In positive MR analysis, we identified that R. torques, E. fissicatena, and the Coprobacter genus all have significant positive effects on DMN connectivity, suggesting a synergistic role in emotional regulation and the maintenance of cognitive function. As a core brain network closely related to self‐reference, emotional rumination, and episodic memory, abnormal DMN connectivity has been confirmed in various diseases such as IBS, chronic insomnia (CI), and bipolar disorder (BD), which are generally accompanied by gut dysbiosis, suggesting the potential role of the GBA in their pathogenesis (Osadchiy et al. 2020; Li et al. 2022; Feng et al. 2022). Previous studies have shown that the abundance of the Ruminococcaceae family is significantly reduced in IBS patients and is associated with increased anxiety symptoms (Yang et al. 2023; Yusof et al. 2017). As an important member of this family, R. torques abundance is positively correlated with the functional connectivity variability between multiple networks such as the cognitive control network (CCN)–DMN. Changes in the abundance of the Eubacterium and Coprobacter genera have also been reported to be associated with certain brain network indices. Furthermore, Coprobacter abundance is related to the functional integrity of the left angular gyrus (LAG), a key hub of the DMN, whereas reduced regional homogeneity (ReHo) in the LAG is associated with impaired executive function and attention in CI patients (Feng et al. 2022).
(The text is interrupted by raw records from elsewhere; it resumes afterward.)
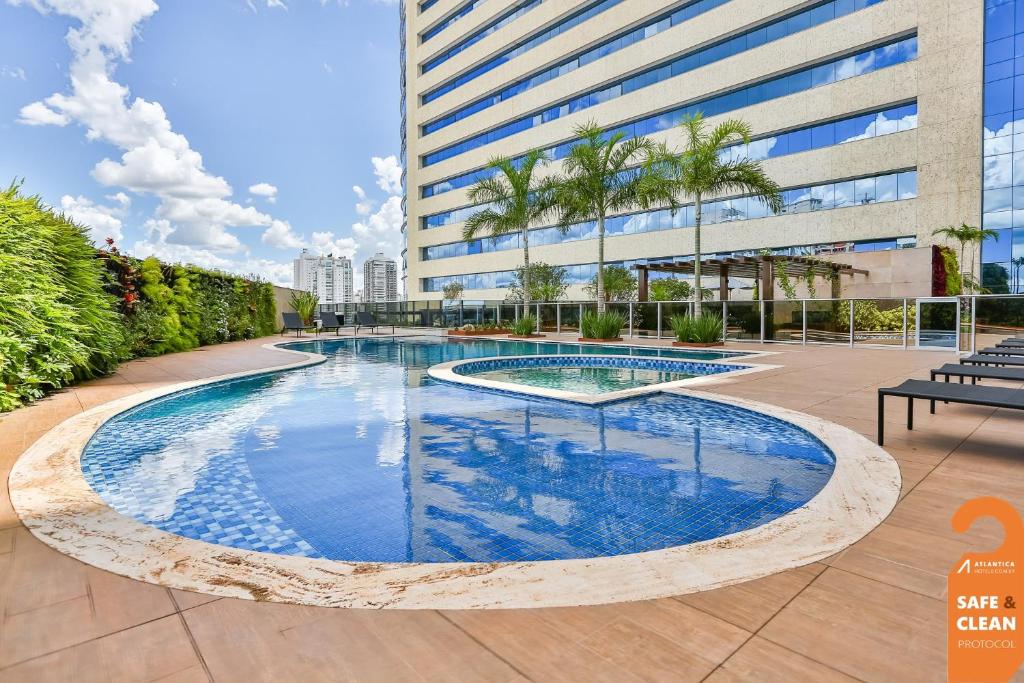 a swimming pool in front of a tall building at Transamerica Collection Goiânia in Goiânia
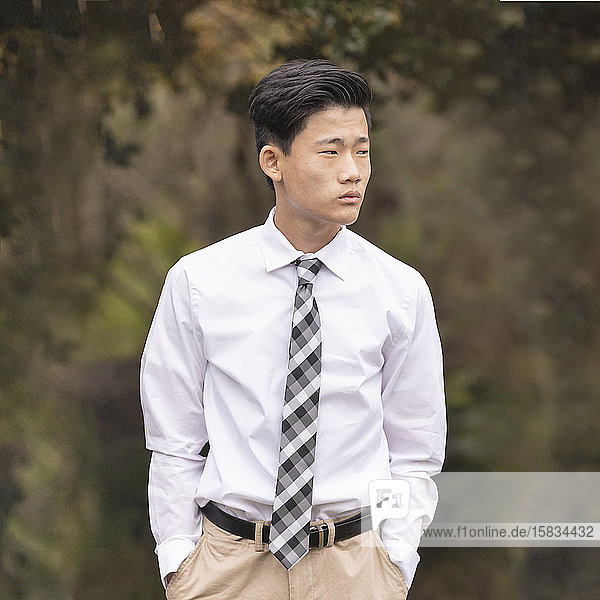 Asiatisch-chinesischer Teenager in weißem Hemd  Krawatte und khakifarbener Hose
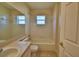 A well-lit bathroom features a shower-tub combination and neutral-toned walls and floors at 509 Heather Glen Dr, Winter Haven, FL 33884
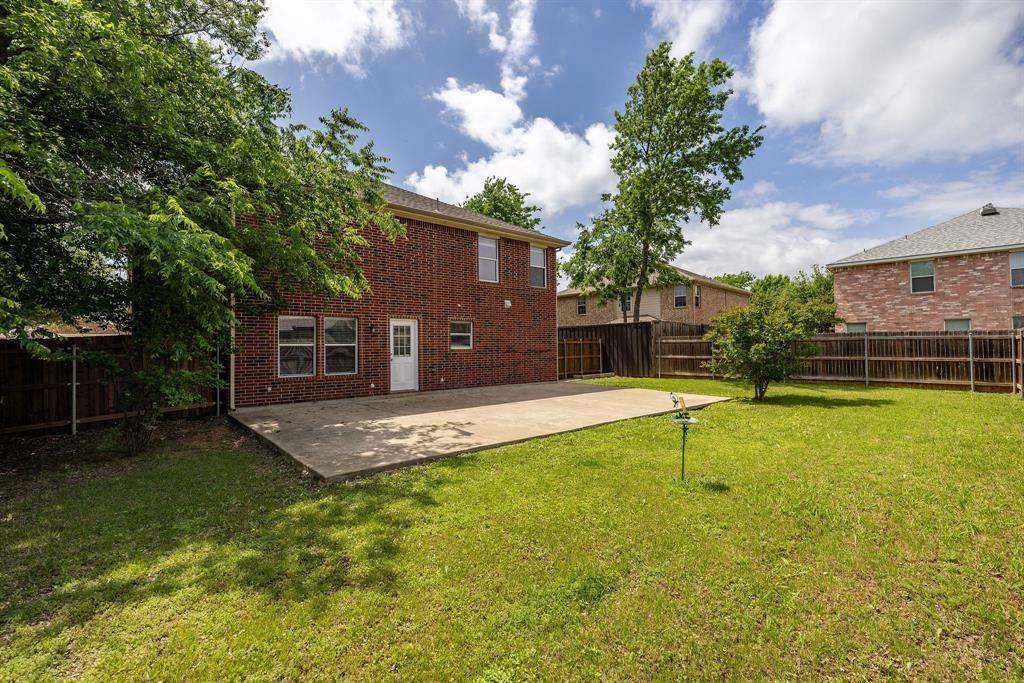 601 Amy Way Euless, TX 76039 - Photo 35 of 40 a view of a house with swimming pool and a yard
These lines of evidence suggest that these microbiota may participate in maintaining DMN network homeostasis, thereby affecting emotional and cognitive regulation.
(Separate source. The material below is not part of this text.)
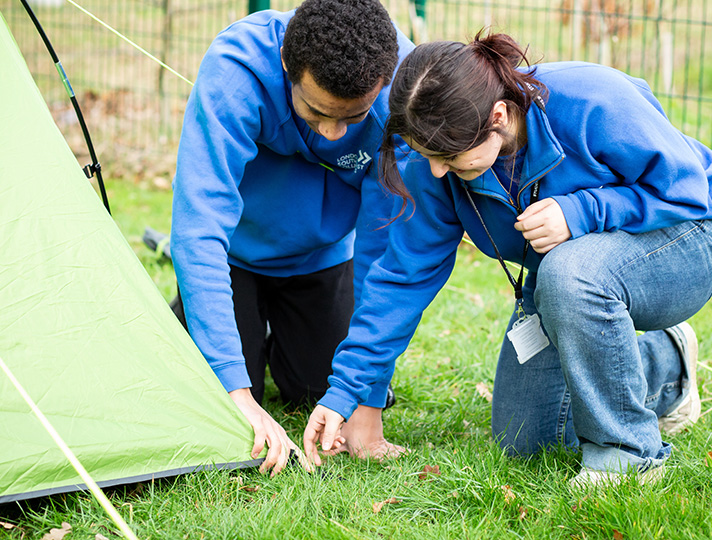 Public service students putting up tents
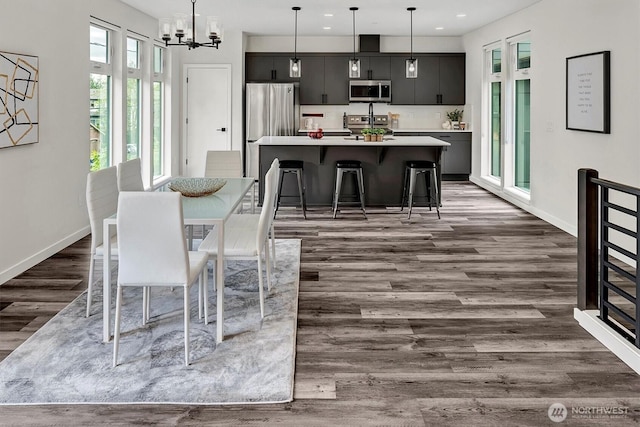 dining area with dark wood-style flooring, baseboards, a chandelier, and recessed lighting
At the mechanistic level, most of these microbiota are SCFA producers (Vital et al. 2014), and their metabolites can participate in the regulation of brain network homeostasis by modulating blood–brain barrier integrity, neuroinflammation, and neurotransmitter metabolism (Wang et al. 2019; Zheng et al. 2020; Li et al. 2022; O'Riordan et al. 2022). For example, Ruminococcus may participate in the bidirectional communication of the GBA by promoting serotonin release, a mechanism that may be impaired in IBS (Labus et al. 2019). In BD patients, gut dysbiosis is accompanied by a decreased capacity to synthesize neuroactive metabolites and weakened limbic–cortical functional connectivity, further suggesting that microbial metabolic abnormalities may be involved in brain network changes (Li et al. 2022). Therefore, the genetic causality revealed in this study provides a theoretical basis for intervention strategies based on diet and microbiome regulation, suggesting that adjusting relevant microbiota structures through dietary fiber intake, prebiotic supplementation, and fermented foods may help improve brain network‐related emotional and cognitive abnormalities. Existing clinical studies provide indirect support: treatment with the probiotic Bifidobacterium longum NCC3001 (BL) can alleviate depressive symptoms in IBS patients and reduce the response of brain regions such as the fronto‐limbic areas to negative emotional stimuli (Pinto‐Sanchez et al. 2017).

Notably, our MR results show the differential impacts of different gut microbiota on the two attention network systems: the SCFA‐producing genus Terrisporobacter has a positive promoting effect on DAN structural connectivity, whereas the pro‐inflammatory Gammaproteobacteria class, containing lipopolysaccharide (LPS), inhibits the functional connectivity of the VAN. Previous clinical studies provide indirect support; for example, Terrisporobacter is significantly reduced in H‐type hypertensive ischemic stroke patients, and its abundance is related to the degree of neurological recovery (Yu et al. 2023); conversely, the LPS components of Gammaproteobacteria can induce the release of pro‐inflammatory factors and trigger neuroinflammatory responses (Oyama et al. 2004; Rothhammer et al. 2016), and its abundance tends to increase in cognitive impairment‐related diseases such as post‐stroke cognitive impairment and Alzheimer's disease (Ling et al. 2020; Liu et al. 2019). As complementary functional attention systems, the DAN and VAN are responsible for top‐down attention control and bottom‐up attention capture, respectively (Alves et al. 2022). Their coordination imbalance has been confirmed in diseases such as major depressive disorder and ADHD, and is associated with abnormal emotional regulation and attention function deficits (Wu et al. 2023).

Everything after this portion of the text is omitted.